Manhattan Elegy

9/11 — In memoriam: A new poem

Daniel Johnson

Sunday morning on the Upper West Side: Hudson haze
Shimmers in the distance, blowing balmy breezes
Across the baked brownstone. Short of breath,
Old lags in long shorts lurch along alone. Brunch
Beckons to the couples lingering in their bridal beds,
Blessed by the luxury to lust at leisure. A city under
God, the big apple of His eye.

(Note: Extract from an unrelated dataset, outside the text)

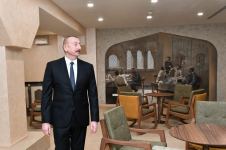 Prezident İlham Əliyev və Birinci xanım Mehriban Əliyeva Bakıda “Şərq Bazarı” kompleksində yaradılan şəraitlə tanış olublar (FOTO)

From divinity to earth
Is but the distance from Sinai’s summit, the vision
Vouchsafed to Moses: resplendent, just beyond our ken,
But scarcely more sublime than Manhattan’s Babel of towers.
Here, on this Atlantic rock, the full glory of the Lord
Is visible, His paternal pride in our insatiable ingenuity,
Our fingers stretched heavenwards, reaching out to Him
In gigantic gestures of gratitude for the grace of God.

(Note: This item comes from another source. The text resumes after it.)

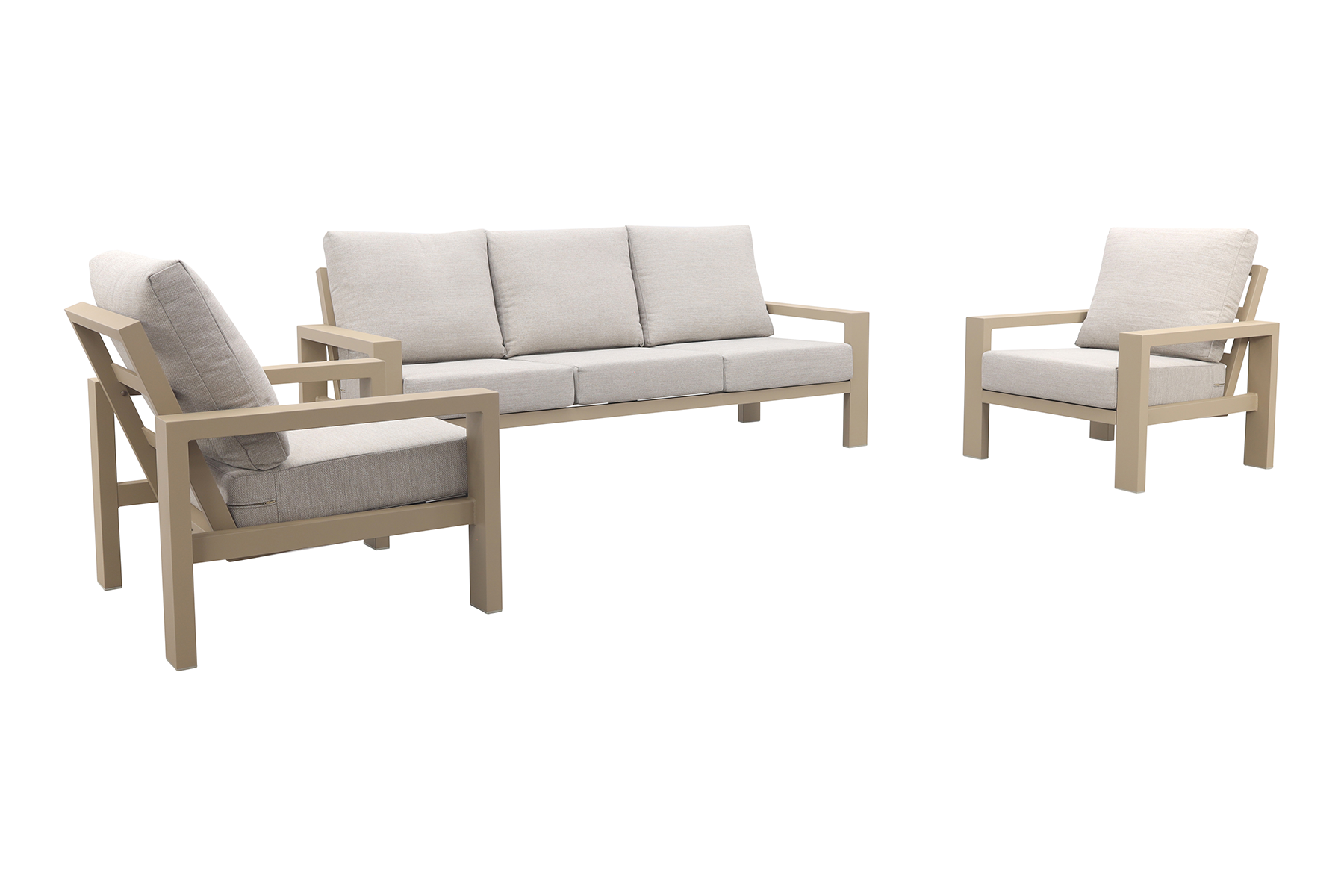 VDG Verano stoel-bank loungeset latte 3-delig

Later, the benediction of a cool evening descends on the
Grilled souls, well done here on the Upper West Side.
Down by riverside, actors declaim Chekhov from monumental
Platforms, while watching lovers serenade the sinking sun.
The night train noses under the city from the north, as sleep
Descends on saint and sinner, sorrows and ecstasies alike.
Multitudes of Manhattan, may the Almighty have mercy
On you; may His face shine on your magnificence; and
May He give you another miraculous decade of peace.